***** SUPPLIED ENTRIES *****

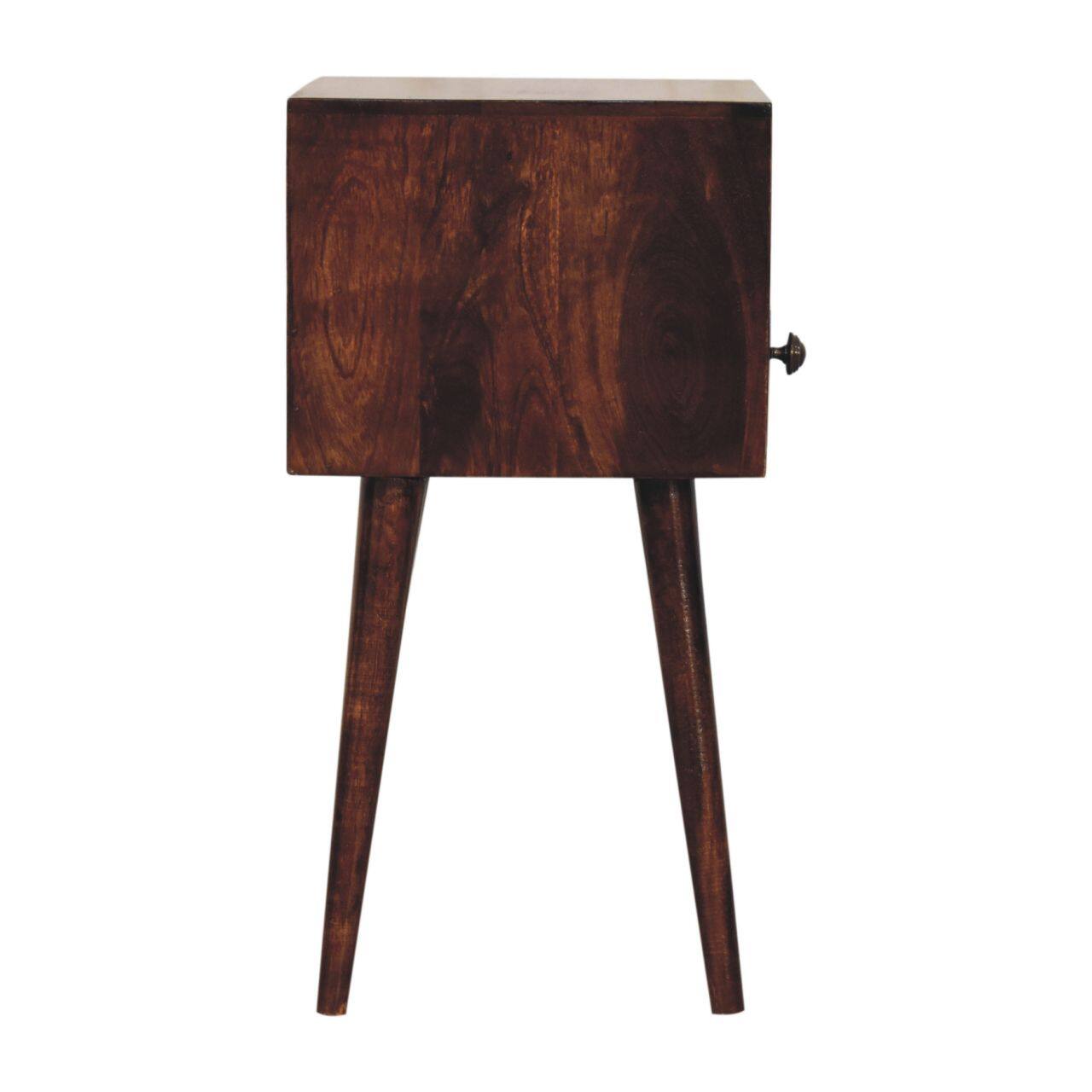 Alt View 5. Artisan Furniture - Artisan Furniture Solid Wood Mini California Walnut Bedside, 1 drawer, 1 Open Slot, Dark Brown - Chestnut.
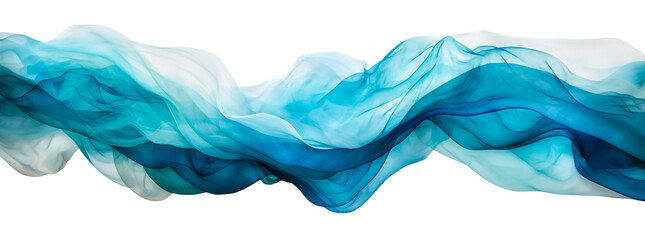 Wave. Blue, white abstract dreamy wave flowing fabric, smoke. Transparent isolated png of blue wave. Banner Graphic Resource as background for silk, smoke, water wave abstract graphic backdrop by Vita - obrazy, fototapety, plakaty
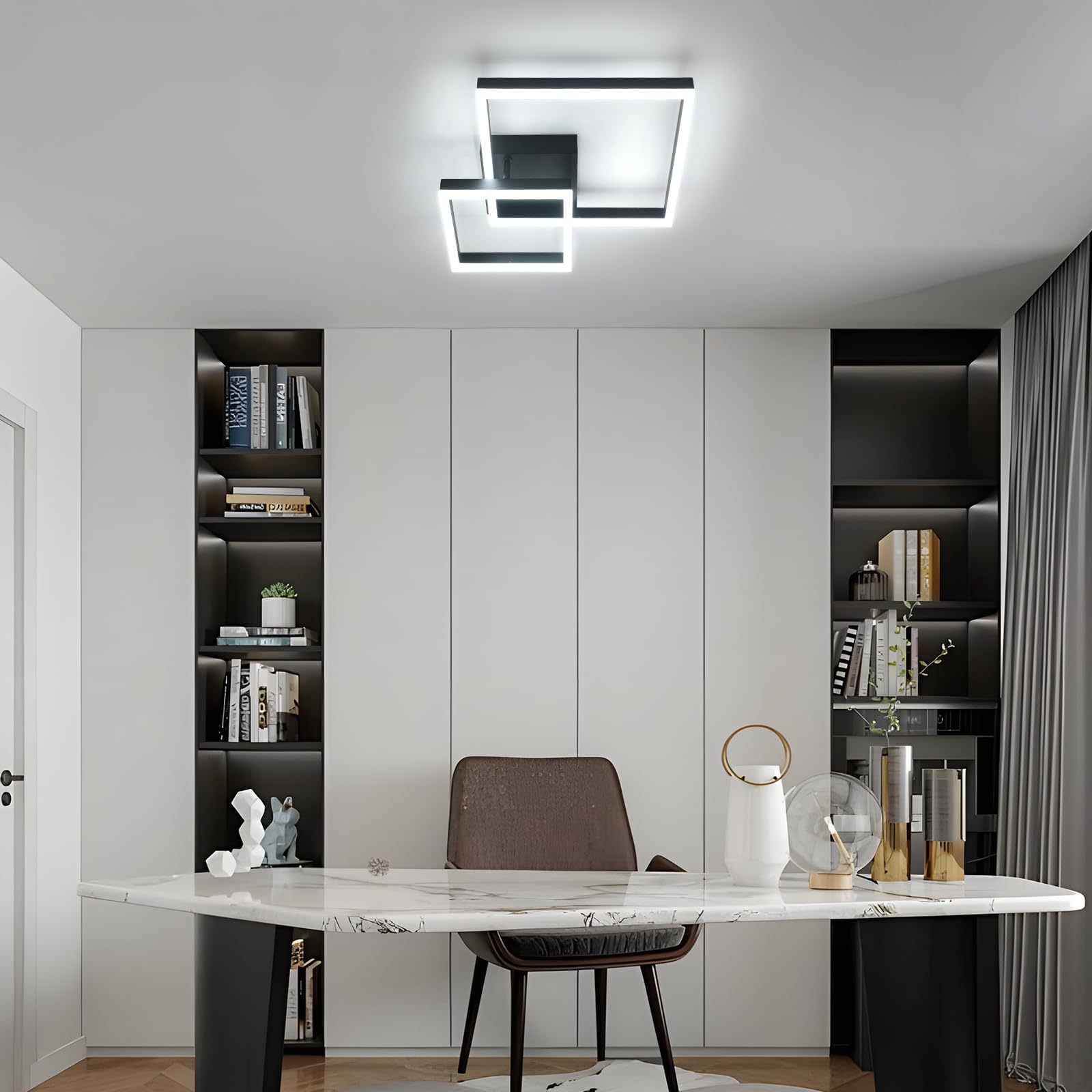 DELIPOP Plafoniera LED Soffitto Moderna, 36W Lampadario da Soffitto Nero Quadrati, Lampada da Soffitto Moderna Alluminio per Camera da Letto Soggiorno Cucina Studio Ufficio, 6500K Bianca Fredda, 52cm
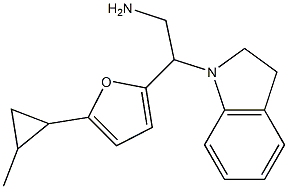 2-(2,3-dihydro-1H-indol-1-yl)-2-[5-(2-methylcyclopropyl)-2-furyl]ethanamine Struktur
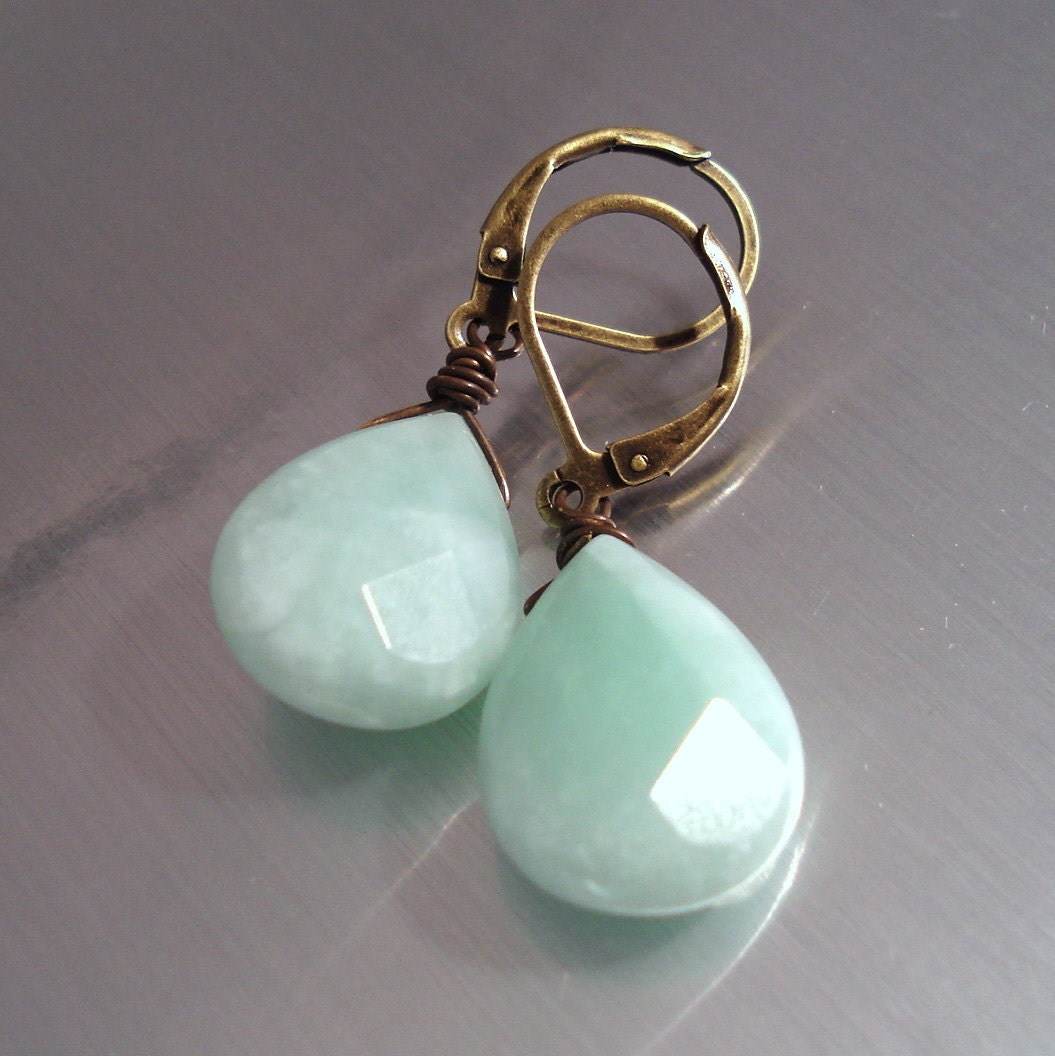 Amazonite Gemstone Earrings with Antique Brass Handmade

*****

**TASK STATEMENT:** Leave out the pictures, and extract exactly the lines from the one with "DELIPOP Plafoniera LED" through the end of the records, both ends included.

**SOLUTION FOR THIS PROBLEM:**
 DELIPOP Plafoniera LED Soffitto Moderna, 36W Lampadario da Soffitto Nero Quadrati, Lampada da Soffitto Moderna Alluminio per Camera da Letto Soggiorno Cucina Studio Ufficio, 6500K Bianca Fredda, 52cm
 2-(2,3-dihydro-1H-indol-1-yl)-2-[5-(2-methylcyclopropyl)-2-furyl]ethanamine Struktur
 Amazonite Gemstone Earrings with Antique Brass Handmade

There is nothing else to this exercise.